I have to echo IP - if CEOs really don't know what the fuck is going on in their company, why the hell are they getting enormous sums of money at all? And "very fractured company" is a common defence which always rises when the company collapses and it is time to shift the blame. "Distributed blame" is actually very efficient. More efficient than distributed risk, that's for sure.
It was true in the case of AIG. The company's separate departments and investment vehicles were a poorly coordinated, loosely tied mess. What coordination there was primarily happened through the CEO Hank Greenberg, and when he was ousted in 2005, his successor had a lot of trouble because he only had a limited picture of what was going on in the whole company.
Stas Bush wrote:
If U.S. companies offer politicians positions for lobbying, they offer a paper title or a real title with powers, responsibility and information access that a board of directors member is entitled to? If they do not give any information or decision-making power to such people, this is a malpractice, because it means people who know fuck nothing about management are being in positions of management. And in any case it does not relieve one of formal responsibility, much less so of the moral one.
I bolded the correct answer. As I've said a couple of times, big companies do this all the time, giving what is more or less an honorary position on the Board of Directors to former politicians and important political officials, in the hopes that it will improve their connections in Washington. It doesn't mean that they actually have any influence over the company's business.
Stas Bush wrote:
I'm not sure how this defence helps someone's reputation. Either he was a know-nothing in a position of power and was a willing tool of the AIG execs, in which case his rep goes down in my eyes, or he was a willing and knowledgeable accomplice and perpetrator, which is also not good.
"Know-nothing" with little power is probably the correct answer.
Illuminatus Primus wrote:
Don't take the money and be a public figure and not want people to ask? Why didn't you do anything for the shareholder, much less public interest? Oh I forgot, U.S. privilege insiders have a sovereign right to take money and give Reagan-type replies when you ask what the fuck for.
Who said anything about not asking? I'm not criticizing you for questioning Holbrooke's role in the AIG fiasco - I'm just pointing out that his role in the decision-making process for the company was probably minimal.
Illuminatus Primus wrote:What's amazing is why you can't imagine why me or the average American might feel like a sinecure piece of shit like Holbrooke sitting on the paper board for years and collecting on it owes none of the moral obligations that office-holding does for, well, normal people.
AIG was a shareholder-owned company, and its primary responsibility was to those shareholders.

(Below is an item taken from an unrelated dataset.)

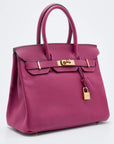Hermes Tosca Togo Leather Gold Hardware Birkin 30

If they and the Board of Directors they supported feel like Holbrooke was worth X amounts of money to have on their board, then that's their choice.
Illuminatus Primus wrote:*snip* IP being a broken record
Thanas has done a much better job of questioning this. What matters is whether or not Holbrooke was actually involved in the
decision-making process on East Timor and Indonesia, or whether he was just the ambassador. I've yet to see you actually post any evidence that he was - you just keep repeating the same thing over and over again.

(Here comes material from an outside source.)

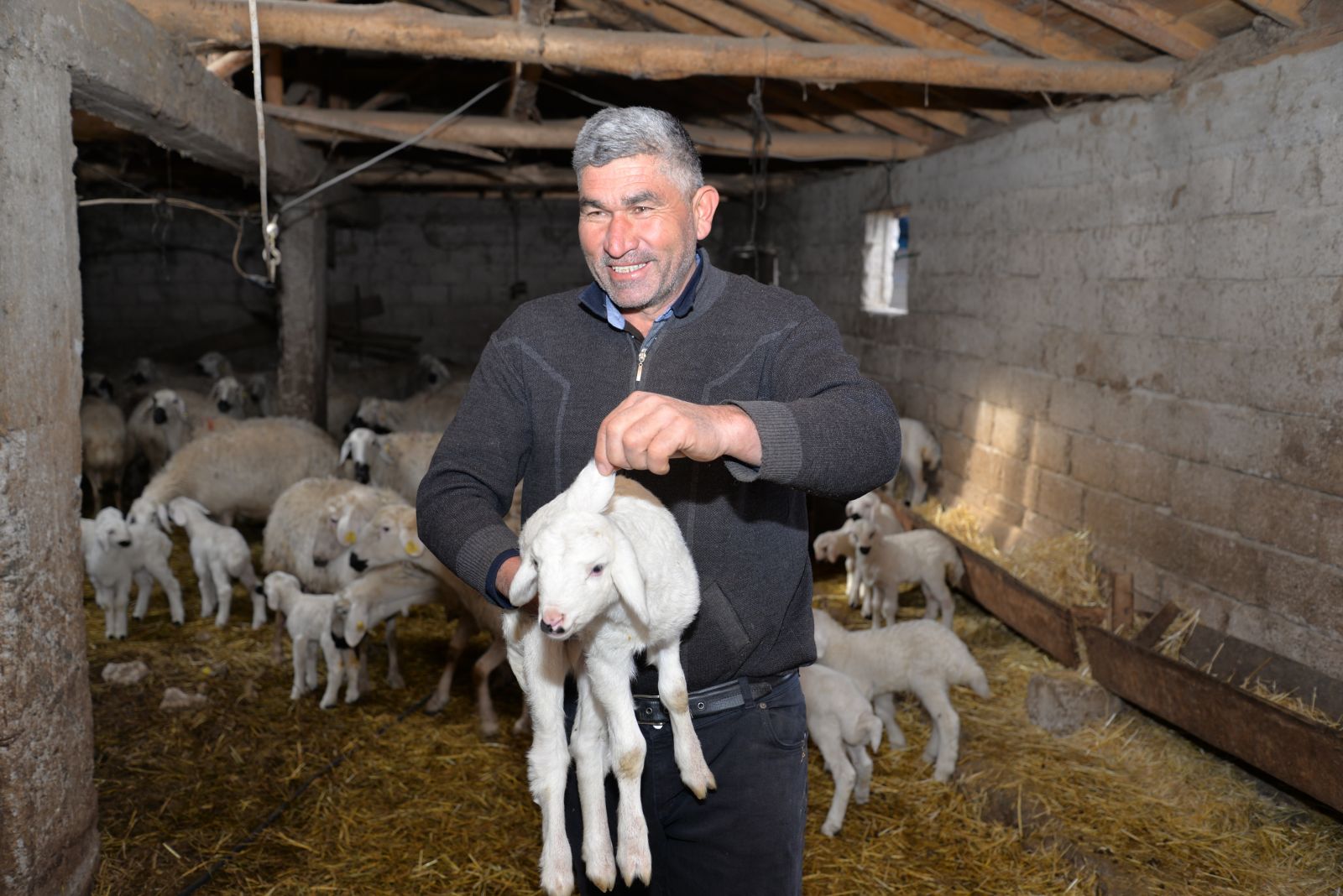 Kayseri'deki 3 kulaklı kuzu görenleri şaşırtıyor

Illuminatus Primus wrote:Yeah, and people like you still probably wonder how come history repeats itself over and over and over again with crises and corporate habits of exactly the type in 2007. Because not only is what you describe the positive reality, but ideologues are hard at work convincing people its not only the only way to do things, but the best way! What could possibly go wrong from so distantly connecting responsibility and remuneration?
I fail to see how paying an ex-politician to sit in what was probably a more or less honorary position on their board somehow represents a fatal flaw in the decision-making process of these companies. Turns out big companies like to improve their influence in Washington - what a shock.
Illuminatus Primus wrote:Right. Yeah this exactly the kind of line the party line has on official enemies like the Soviet Union. You're right. No one ever uses this kind of reasoning, or even bothers to go to such lengths to apologize for anyone UNLESS they're powerful, well-connected, and privileged in the West. Then you just have show some rictus grin and liberals everywhere will emerge from the woodwork to pen apologia for you.
Thanas pointed out why this reasoning spared many of Nazi Germany's ambassadors from the noose. Were they "well-connected" and "privileged" in the West?
Illuminatus Primus wrote:Can a liberal give me at least the theoretical standard by which a U.S. diplomat has to apologize for, lie about, facilitate, or do in general before you are allowed to uncontroversially state say he's a sack of shit who doesn't deserve to be mourned?
There is no hard standard on such things, since most politicians are associated with both negative and positive events. Did you have the illusion that there was? Because if you did, I mourn for the sorry state of whatever political education you've been receiving.
Illuminatus Primus wrote:What else would Holbrooke have needed to do? Is it because they're South Asians? I realize these aren't quite as sexy or human victims as Jews, but I'm tryin' to work with you.
So you've stooped so low as to accuse your critics of being racists who viewed the East Timorese as sub-human and not worth giving a shit about when they get slaughtered. Go fuck yourself, along with your strawman arguments, evasions, and ad hominem attacks.
Illuminatus Primus wrote:What exactly is "ambiguous" about it?
Holbrooke's role in the decision-making on East Timor and Indonesia. Unless you have some actual evidence that he was involved in the decision-making process for the US's policy.
Illuminatus Primus wrote:If I'm strident, maybe its because every time I criticize an American, I have to post a fucking dissertation to even be controversially heard out. If I were to criticize some official enemy like Iran, Hezbollah, or (here) the Republicans, I wouldn't have to wiggle all ten fingers, and everyone knows it.
Are you talking about here at SDnet, or elsewhere? Because most of the time when you post your typical thread-derailing rants here, either nobody gives a shit, or they me-too.